Wenjun Xia scite author profile

At present, water resource information management in China is mainly a centralized model, and there exist some problems such as high cost, low efficiency, and data storage insecurity. Blockchain technology provides a good solution which can create an efficient trust mechanism among the links in the process of water resource utilization. It guarantees the security of the data, avoiding the sudden collapse of the central institutions caused by some normal operations of the entire system. Based on a decentralization blockchain, we propose a decentralized water resource information management system for the whole process of “supply-use-consumption-discharge,” which improves the traditional water data storage. Specifically, the monitoring and business data are encrypted by the blockchain and are transmitted using a peer-to-peer network.

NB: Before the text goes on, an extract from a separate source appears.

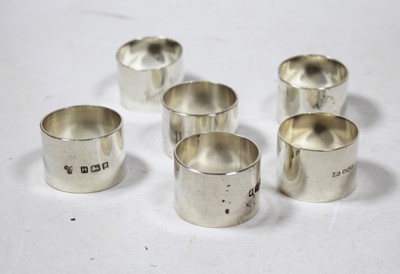 Lot 255 - A set of three plain heavy silver napkin rings,...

Moreover, the centralized management mode is changed and part of the management work is dispersed to each node. Thus, decisions and measures can be made and implemented quickly after discovering problems to improve the efficiency of information transmission and management. In addition, two typical blockchain-based application scenarios for water resource management are designed. A blockchain-based approach makes issuing and monitoring water abstraction permits more convenient and obtaining license information more secure and verifiable. A reliable mechanism for tracing water quality ensures the accuracy and reliability of water quality information, enables the detection of locations with inadequate water quality, and clarifies people’s responsibility, thus guaranteeing the water safety of the residents.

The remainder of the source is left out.